Compiler-Assisted Speculative Sampling for Accelerated LLM Inference on Heterogeneous Edge Devices
Alejandro Ruiz y Mesa, Guilherme Korol, Moritz Riesterer, João Paulo Cardoso de Lima, Jeronimo Castrillon
TL;DR
Edge-LMMs suffer high latency on resource-constrained devices; the paper proposes compiler-assisted speculative sampling with a cost model to jointly optimize when to speculate and how to map the work onto heterogeneous edge PUs. Leveraging IREE/MLIR, the approach enables hardware-aware draft/target partitioning and end-to-end optimization, validated on silicon. Key contributions include a cost-model-guided decision framework, compiler-level abstractions for speculative sampling, and empirical gains of up to $1.68\times$ on real edge hardware with a measured deviation of about $4\%$ from analytic predictions. This work enables practical, low-latency edge deployment of autoregressive LLMs by unifying algorithmic acceleration with hardware-aware compiler mappings.
Abstract
LLM deployment on resource-constrained edge devices faces severe latency constraints, particularly in real-time applications where delayed responses can compromise safety or usability. Among many approaches to mitigate the inefficiencies of sequential token-by-token generation, Speculative Decoding (SD) has emerged as a promising technique.

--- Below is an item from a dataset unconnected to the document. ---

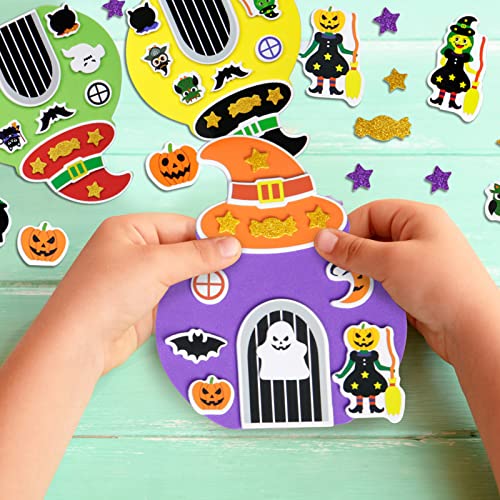 LAMEK Paquete de 12 kits de puerta de bruja para Halloween, casa de bruja, juego de manualidades para niños, manualidades, suministros de fiesta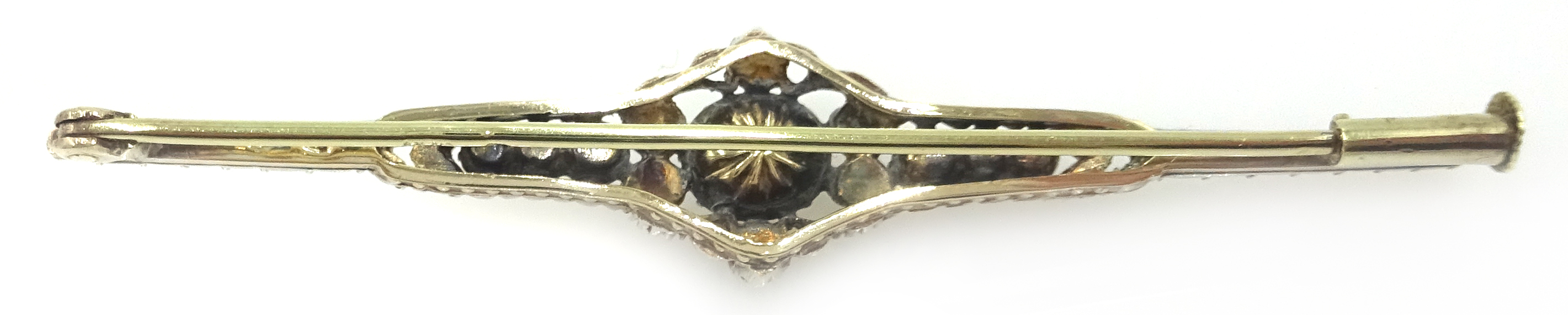 Early 20th century Dutch rose cut diamond 14ct brooch hallmarked 6cm Condition Report - Image 3 of 3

However, SD at the edge is hindered by two major challenges: (1) integrating SD into a compiler-based workflow without sacrificing performance or programmability, and (2) exploiting the heterogeneous compute resources of modern SoCs through carefully designed partitioning strategies. This work addresses these challenges by using an analytical cost model that explores heterogeneous hardware configurations and guides coarse-grained partitioning of LLM subgraphs, particularly with edge-typical short input sequence lengths. The cost model predicts when speculative sampling and heterogeneous execution are jointly beneficial and is validated on an edge device featuring a hexacore Cortex-A CPU and a Mali GPU, revealing up to 1.68$\times$ speedup for translation tasks, closely matching analytic expectations.